Karl von Normann höfischer Gegner Bismarcks

Karl von Normann

Karl Wilhelm Christoph von Normann, geboren am 21.9.1827 in Franzburg…

entstammte einer weitverzweigten ritterlichen Familie, die seit dem 13. Jahrhundert zuerst auf Rügen, dann in Pommern und Mecklenburg nachzuweisen ist und eine Reihe namhafter Juristen, Diplomaten und Offiziere hervorgebracht hat.

Der aus Stralsund gebürtige Großvater Axel von Normann (1760-1835) war bis 1815 schwedischer Oberst; nach den Freiheitskriegen verließ er mit sieben Brüdern und drei Söhnen den schwedischen Dienst und war zuletzt preussischer Generalmajor. Zum Ruhesitz wählte er sich die stille Kleinstadt Franzburg.

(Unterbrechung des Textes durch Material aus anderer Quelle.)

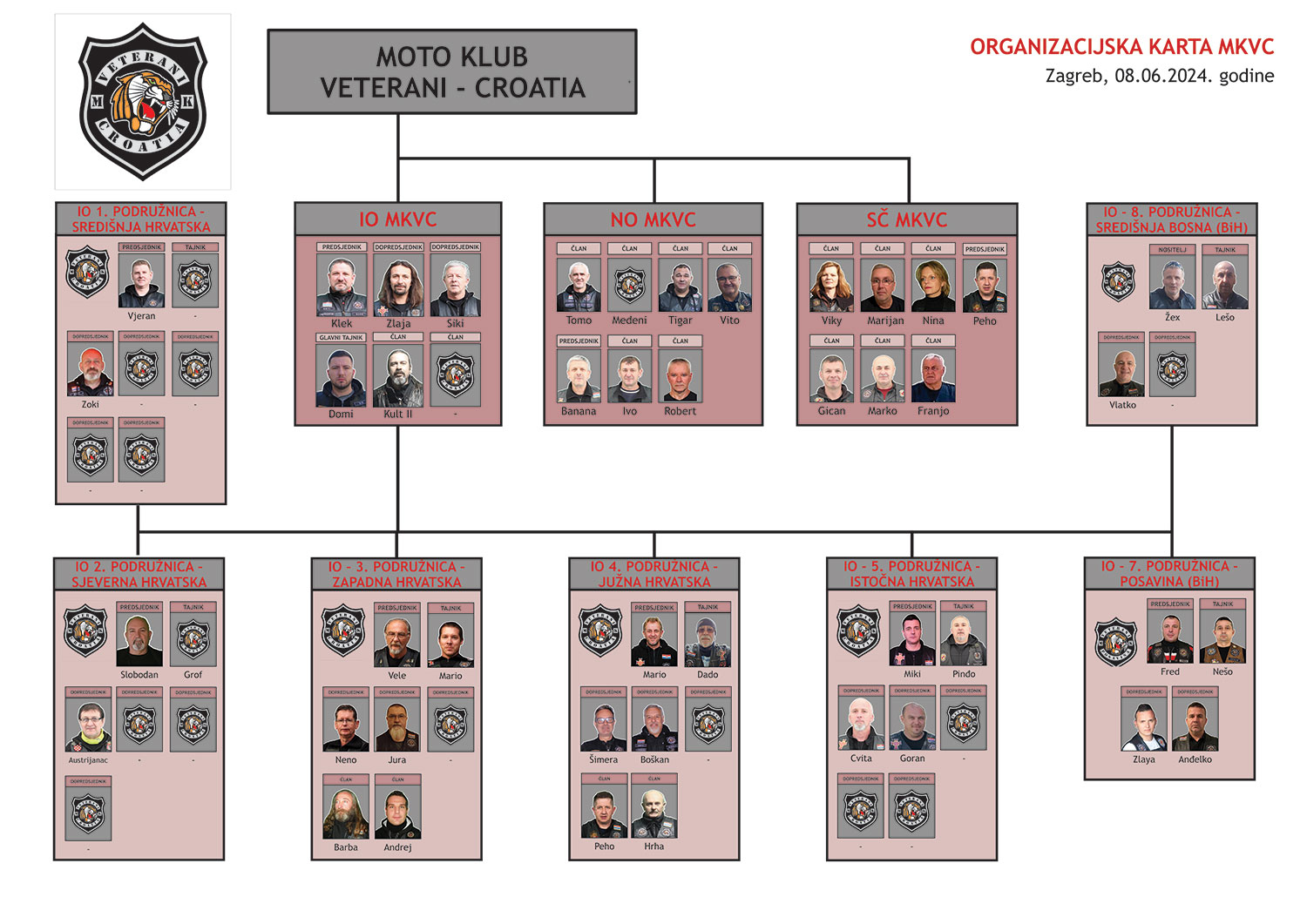 organizacijska karta mkvc 2024 06 08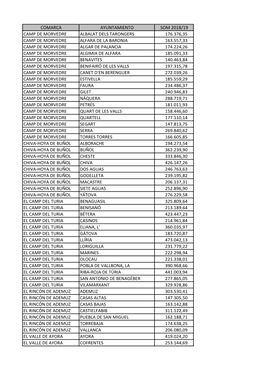 Comarca Ayuntamiento Som 2018/19 Camp De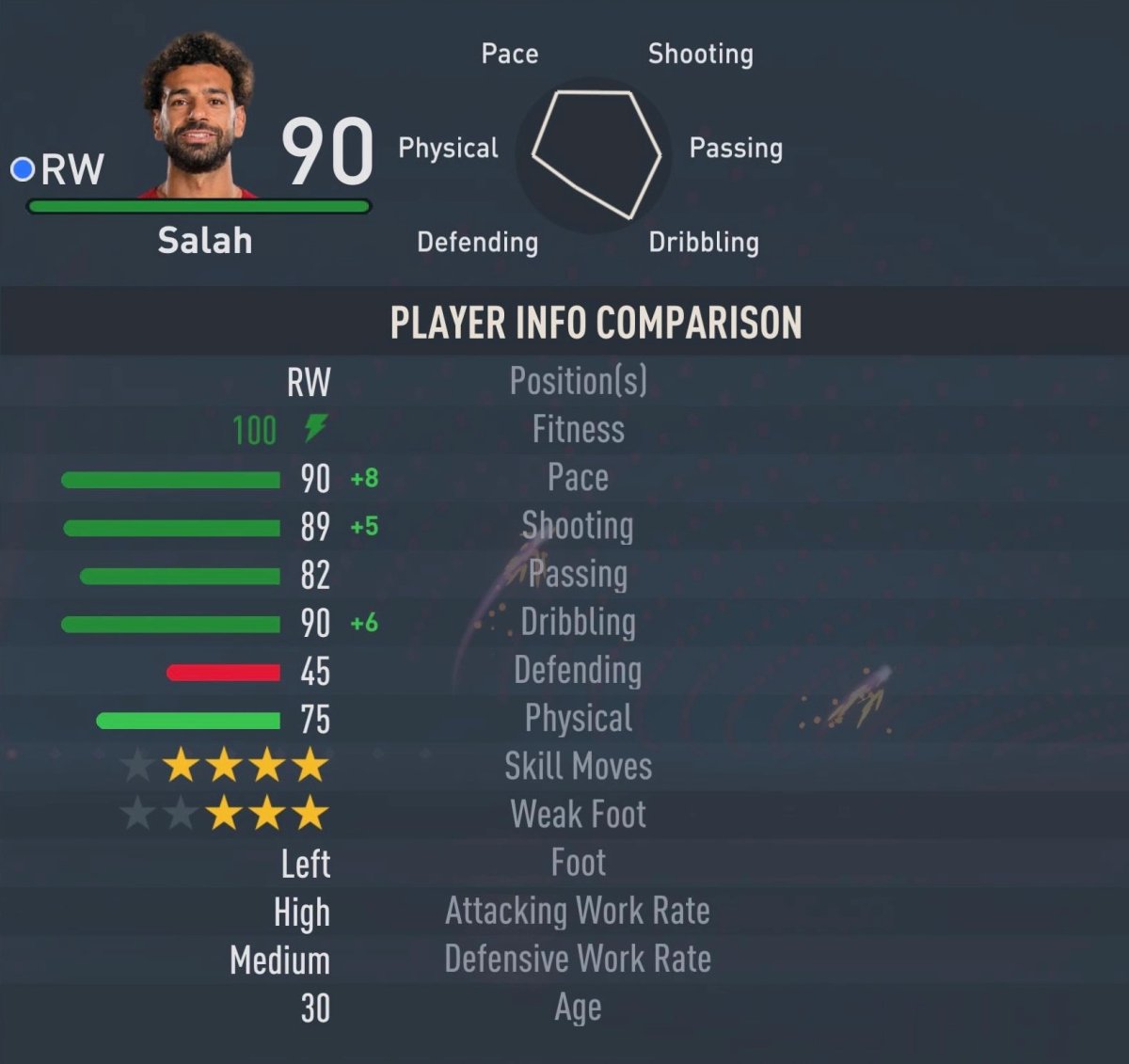 Mo Salah as seen in FIFA 23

Bis zum achten Lebensjahr hat Karl von Normann seine Kindheit in seiner Geburtsstadt verbracht. 1838 zog er mit den Eltern nach Greifswald. Der Vater, Rechtsanwalt Karl Heinrich von Normann (1787-1862) war ein pragmatischer Mann und gewöhnte ihn früh an Lektüre und Lernen. Wahrscheinlich hat die Mutter Wilhelmine geborene Ziemssen, eine Tochter des Generalsuperintendenten und Greifswalder Theologieprofessors Johann Christoph Ziemssen, diesen Zug noch verstärkt.

Für Normanns Berufswahl blieb das Beispiel des Großvaters maßgebend. Statt aber nach dem Besuch des Greifswalder Gymnasiums zu studieren, wurde er Soldat. Aachen und Greifswald waren die ersten Stationen seiner militärischen Laufbahn. Die nächsten Jahre friedlichen Garnisonsdienstes verlebte er in Greifswald. Er war frei von materiellen Sorgen und alles schien ihm zu gelingen.

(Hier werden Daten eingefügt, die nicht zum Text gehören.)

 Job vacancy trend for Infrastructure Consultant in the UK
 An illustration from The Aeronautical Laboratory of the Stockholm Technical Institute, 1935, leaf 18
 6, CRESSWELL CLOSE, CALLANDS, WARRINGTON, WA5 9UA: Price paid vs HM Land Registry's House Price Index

Vierundzwanzigjährig gründete er 1852 mit der Greifswalderin Emma Anderssen (*1834) seinen eigenen Hausstand. 1853 wurde er zur Kriegsakademie kommandiert und besuchte sie mit Auszeichnung; nach der abschließenden Übungsreise trat er in das Topographische Büro und machte sich in Hohenzollern an die üblichen Vermessungsarbeiten. Da traf ihn der erste Rückschlag seines Lebens. Ein rheumatisches Leiden zwang ihn die Landaufnahmen abzubrechen um sich heilen zu lassen. Die Aussicht auf Berufung in den Generalsstab hatte er verloren. Es war gut, dass ihn seine Versetzung nach Magdeburg aus der Greifswalder Enge heraushob.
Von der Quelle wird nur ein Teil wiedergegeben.